In the hands of the Austrian artist Erwin Wurm, everyday objects become sculptural phenomena. Wurm, who lives and works between Vienna and Limberg, is best known for his extensive, ongoing One Minute Sculpture” series, which interrogates the boundaries between visual and performance art, audience and actor, and proposes a new definition for sculpture entirely. To create the works, the 65-year-old artist provides written or illustrated instructions for viewers, inviting them to pose with wooden furniture, plastic buckets or ballpoint pens in unusual, sometimes physically strenuous, positions. The resulting contortions, which Wurm records in photographs, are at once humorous and discomforting: One sculpture comprises a performer pressing their forehead against a stack of three oranges; in another, a spectator is asked to plank their body atop a set of midcentury stools.

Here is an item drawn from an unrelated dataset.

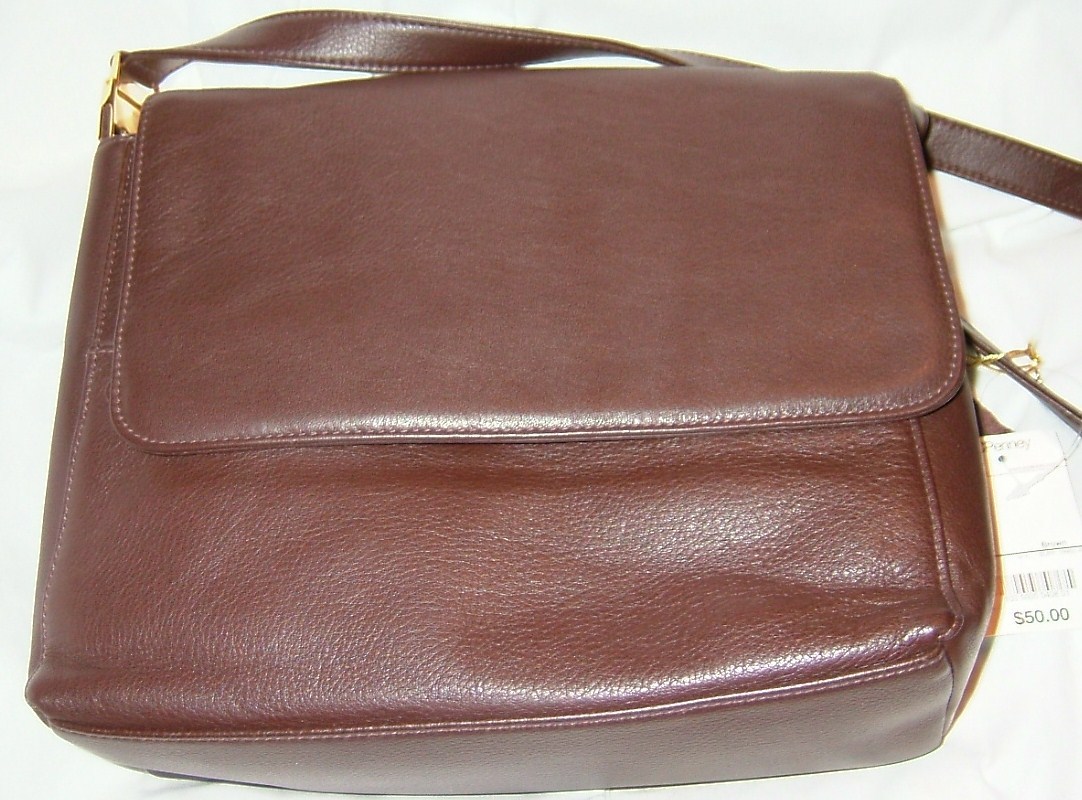 Purse in brown leather new with tags shoulder strape style J C Penney ...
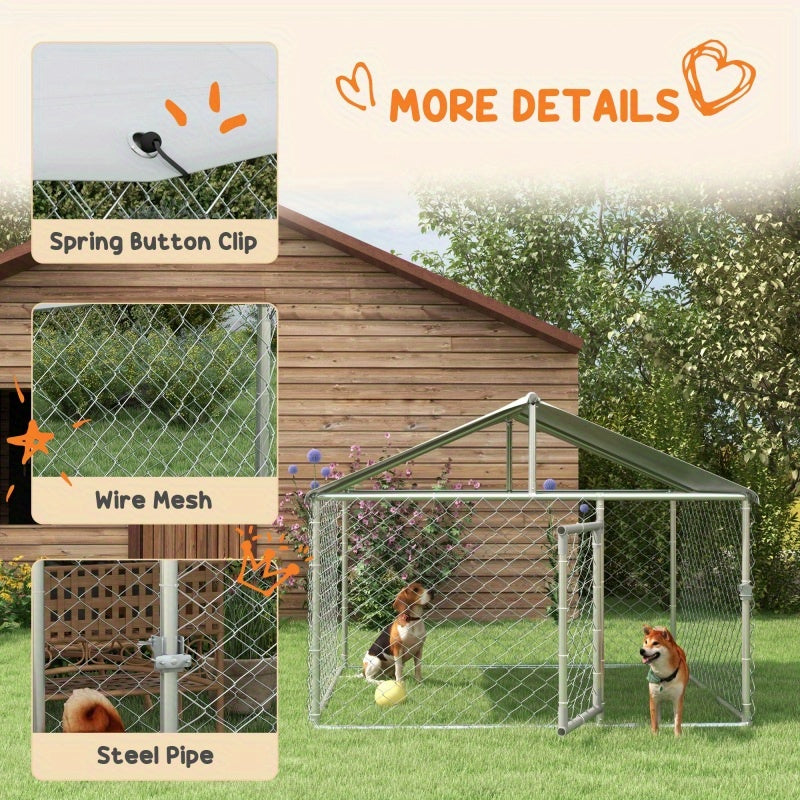 Heavy Duty Outdoor Dog Kennel, 6.6'x6.6'x4.9' Galvanized Chain Link Cage with Waterproof Synthetic Fiber Cover and Secure Lock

“Every object I’m surrounded with is a possible part of an art piece,” Wurm says, and that attitude often extends to clothing. So it was not entirely surprising that for our Make T Something series — for which participants must create something in under one hour using only some basic craft supplies, a copy of The New York Times and one item of their choosing — he selected a sweater as his wild-card pick. In the video above, the artist reprises “Psycho I” (1996), a One Minute Sculpture that was first performed for “do it,” an exhibition series of instructional artworks organized by the Swiss curator Hans-Ulrich Obrist that debuted in Klagenfurt, Austria, in 1994. To achieve the work, the artist makes creative use of both The Times and his oversize crew-neck knit. Wurm, who is concerned with the mutability of form, thinks of clothing as “a second skin” through which identity is constructed, and he likens this process to the shaping of a cast bronze sculpture: “It’s a very thin layer of bronze skin which defines the form. The inside is empty.”

While these One Minute Sculptures, which were the focus of Wurm’s presentation at the 2017 Venice Biennial, are ephemeral by nature, the artist has also reimagined them as static, physical objects. In a newer series, “One Minute Forever,” the artist swaps active participants for concrete and acrylic renderings of the human body, evoking ancient Greek busts. One piece, currently on view in the exhibition “Yes Biological” at Lehmann Maupin gallery in New York, shows oranges held by a disembodied, bone-white hand. “It’s a paradox,” Wurm says of this attempt to make a singular moment eternal. “And I like paradoxes.”